The two teams’ average drop values are closer when the balls are randomly assigned to the two teams than they were for the balls actually used in the game.

Permutation Test

It’s time for a step that is now familiar. We will do repeated simulations of the test statistic under the null hypothesis, by repeatedly permuting the footballs and assigning random sets to the two teams.

In the last section we defined a function called permuted_sample_average_difference to do this. Here is the definition again. The code is based on the steps we took to compare the averages of the shuffled data.

def permuted_sample_average_difference(table, label, group_label, repetitions):
    
    tbl = table.select(group_label, label)
    
    differences = make_array()
    for i in np.arange(repetitions):
        shuffled = tbl.sample(with_replacement = False).column(1)
        original_and_shuffled = tbl.with_column('Shuffled Data', shuffled)

        shuffled_means = original_and_shuffled.group(group_label, np.average).column(2)
        simulated_difference = shuffled_means.item(1) - shuffled_means.item(0)
    
        differences = np.append(differences, simulated_difference)
    
    return differences   
differences = permuted_sample_average_difference(football, 'Pressure Drop', 'Team', 10000)
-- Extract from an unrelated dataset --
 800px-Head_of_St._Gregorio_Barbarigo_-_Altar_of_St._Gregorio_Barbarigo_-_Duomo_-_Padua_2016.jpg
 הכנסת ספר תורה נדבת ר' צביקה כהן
The array differences contains 10,000 values of the test statistic simulated under the null hypothesis.

Conclusion of the Test

To calculate the empirical P-value, it’s important to recall the alternative hypothesis, which is that the Patriots’ drops are too large to be the result of chance variation alone.

The “direction of the alternative” is towards large drops for the Patriots, with correspondingly large values for out test statistic “Patriots’ average - Colts’ average”. So the P-value is the chance (computed under the null hypothesis) of getting a test statistic equal to our observed value of 0.73352272727272805 or larger.
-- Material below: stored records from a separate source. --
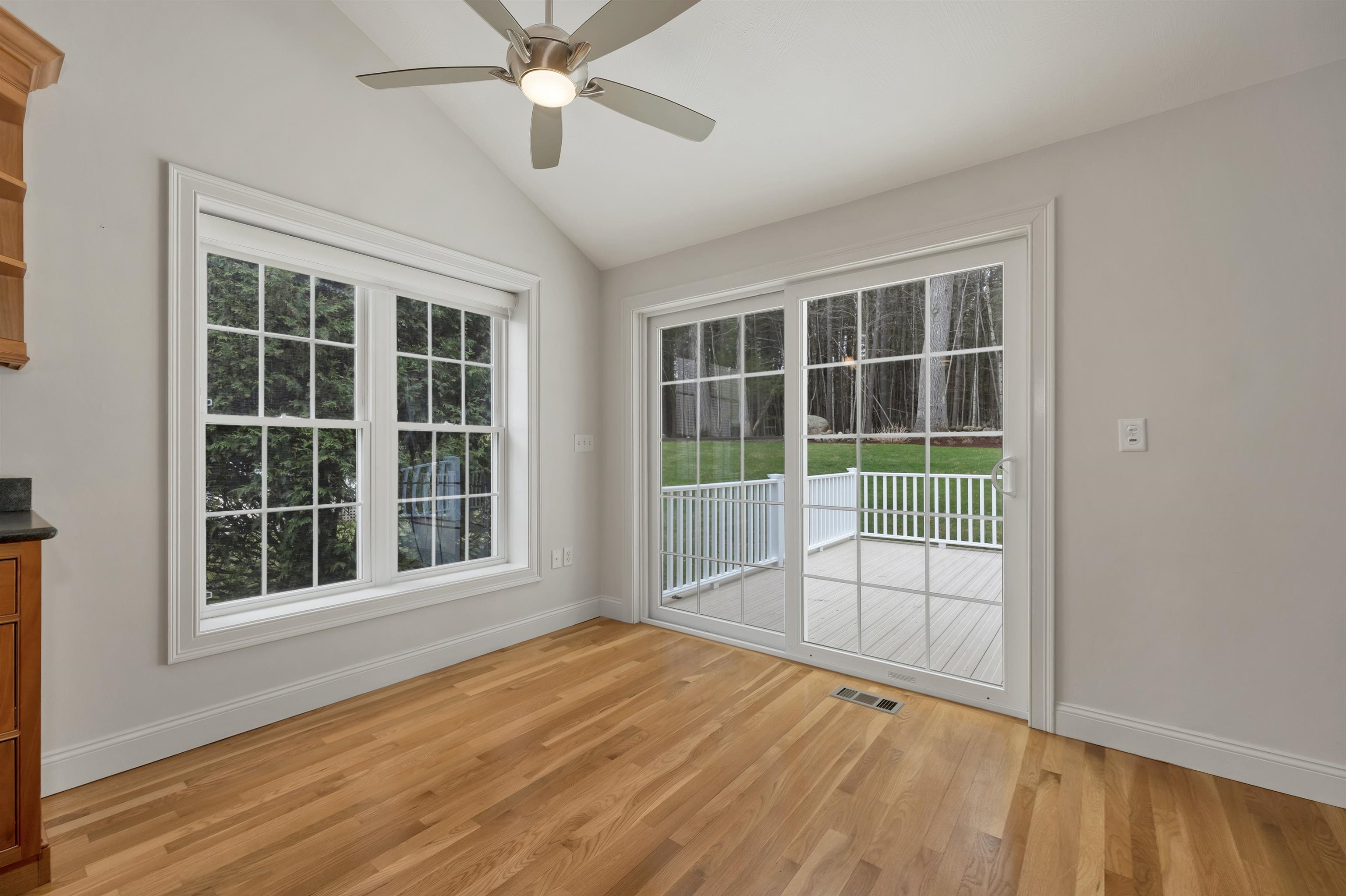 131 Hampton Meadows Hampton, NH 03842 - Photo 8 of 42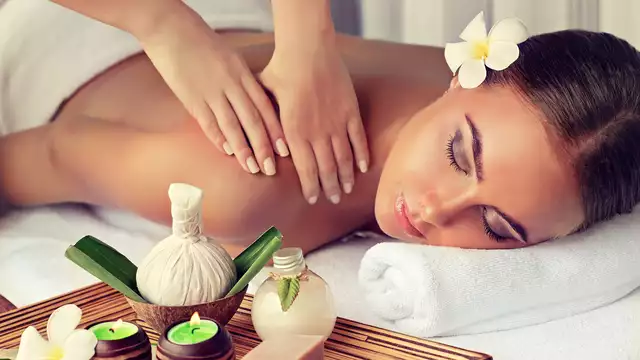 Escapade revitalisante : demi-pension, massage anti-stress, bain relaxant et bien plus encore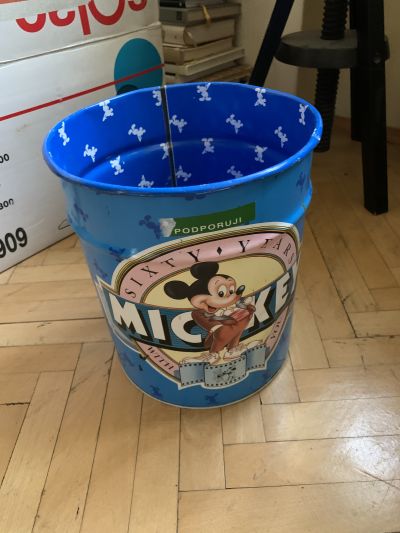 Odpadkový koš s Mickey Mouse
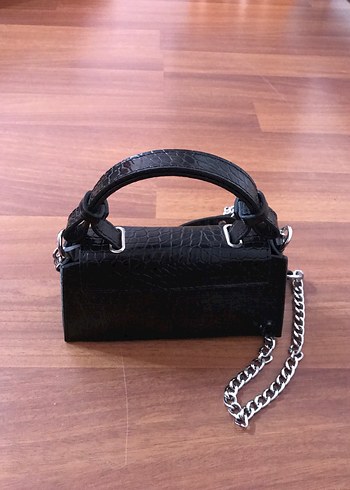 Zincir Detaylı Siyah Yılan Desenli Deri Çanta - Görsel 3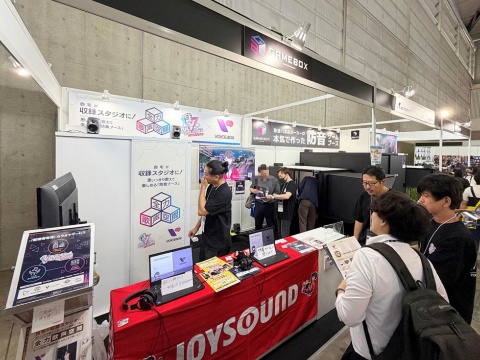 ホール9にある岐阜プラスチック工業とエクシングの共同ブース。防音ブースの「VOICEBOX」と「GAMEBOX」を並べ、手前でカラオケ体験を受け付けていた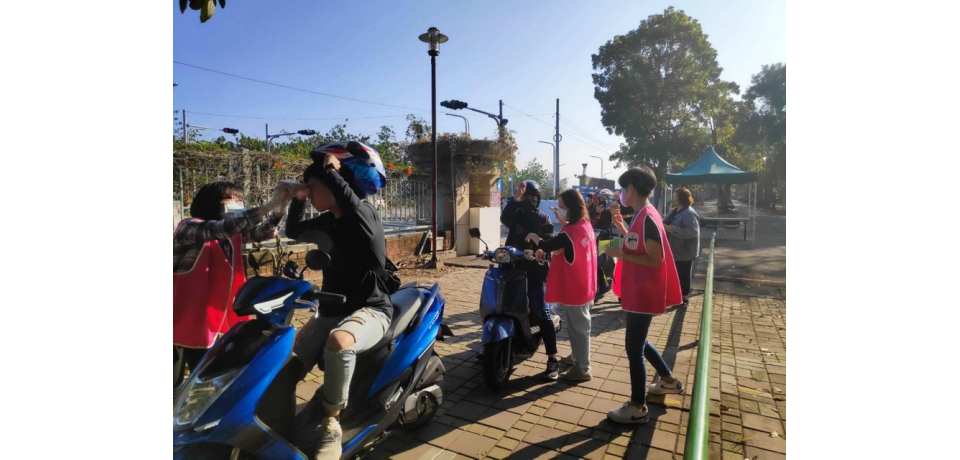 防疫總動員教職同仁排班協助量測體溫(圖)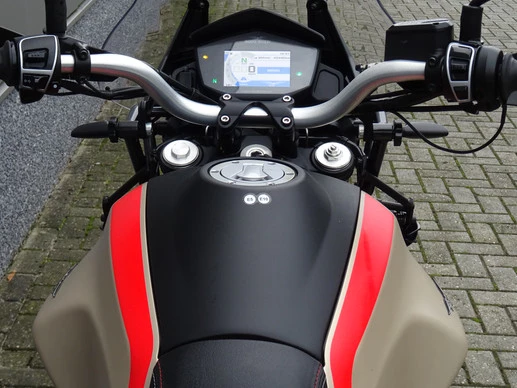 Moto Guzzi V85 - Afbeelding 11 van 16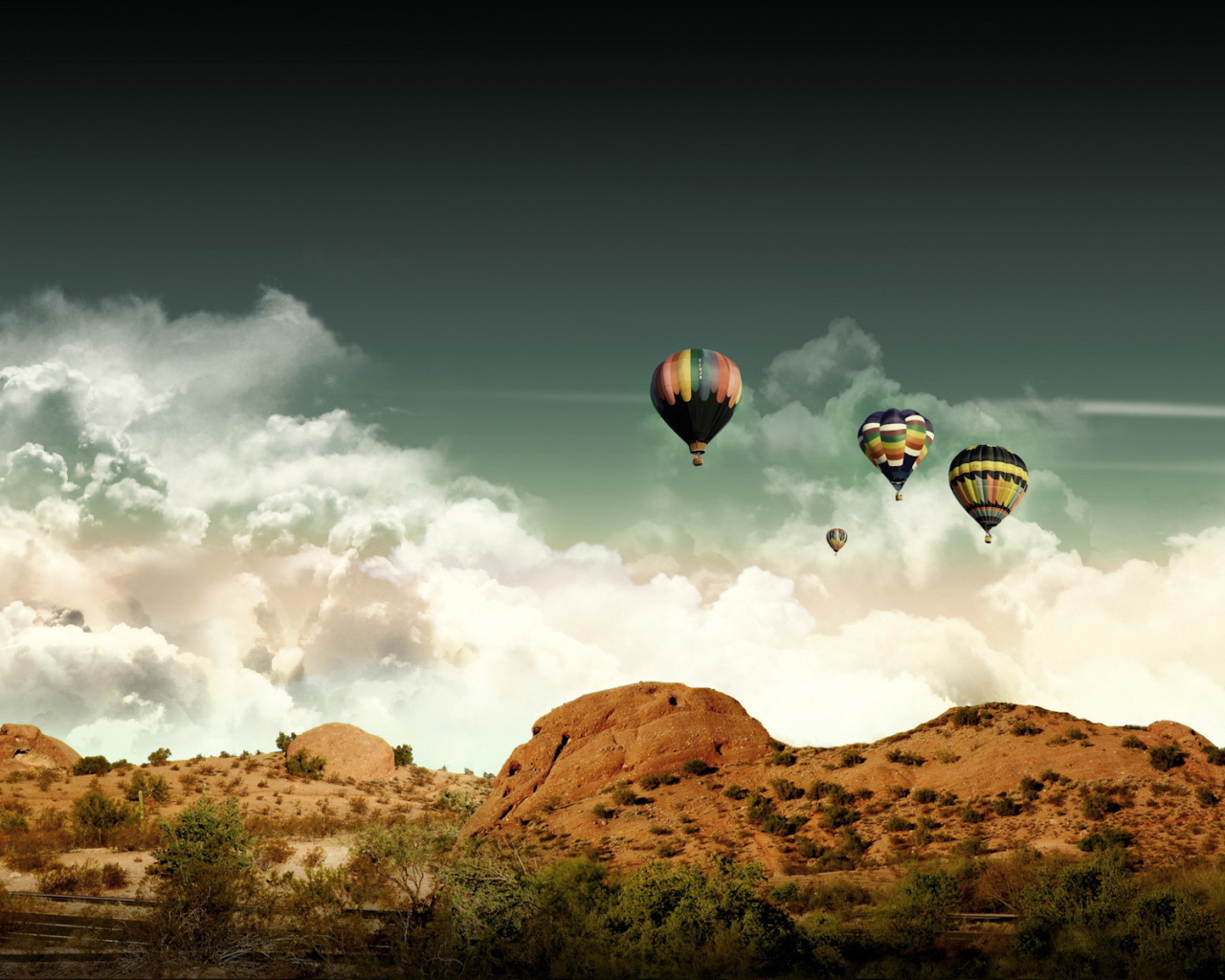 Воздушные шары над холмами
empirical_P = np.count_nonzero(differences >= observed_difference) / 10000
empirical_P
0.003

That’s a pretty small P-value. To visualize this, here is the empirical distribution of the test statistic under the null hypothesis, with the observed statistic marked on the horizontal axis.

Table().with_column('Difference Between Group Averages', differences).hist()
plots.scatter(observed_difference, 0, color='red', s=30)
plots.title('Prediction Under the Null Hypothesis')
print('Observed Difference:', observed_difference)
print('Empirical P-value:', empirical_P)
Observed Difference: 0.733522727272728
Empirical P-value: 0.003

png

As in previous examples of this test, the bulk of the distribution is centered around 0. Under the null hypothesis, the Patriots’ drops are a random sample of all 15 drops, and therefore so are the Colts’. Therefore the two sets of drops should be about equal on average, and therefore their difference should be around 0.
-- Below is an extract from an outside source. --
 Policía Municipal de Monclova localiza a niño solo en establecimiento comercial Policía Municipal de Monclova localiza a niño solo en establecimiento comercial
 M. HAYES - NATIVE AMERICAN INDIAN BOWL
But the observed value of the test statistic is quite far away from the heart of the distribution. By any reasonable cutoff for what is “small”, the empirical P-value is small. So we end up rejecting the null hypothesis of randomness, and conclude that the Patriots drops were too large to reflect chance variation alone.

The independent investiagtive team analyzed the data in several different ways, taking into account the laws of physics. The final report said,

“[T]he average pressure drop of the Patriots game balls exceeded the average pressure drop of the Colts balls by 0.45 to 1.02 psi, depending on various possible assumptions regarding the gauges used, and assuming an initial pressure of 12.5 psi for the Patriots balls and 13.0 for the Colts balls.”

Investigative report commissioned by the NFL regarding the AFC Championship game on January 18, 2015

Our analysis shows an average pressure drop of about 0.73 psi, which is close to the center of the interval “0.45 to 1.02 psi” and therefore consistent with the official analysis.

Remember that our test of hypotheses does not establish the reason why the difference is not due to chance. Establishing causality is usually more complex than running a test of hypotheses.

But the all-important question in the football world was about causation: the question was whether the excess drop of pressure in the Patriots’ footballs was deliberate. If you are curious about the answer given by the investigators, here is the full report.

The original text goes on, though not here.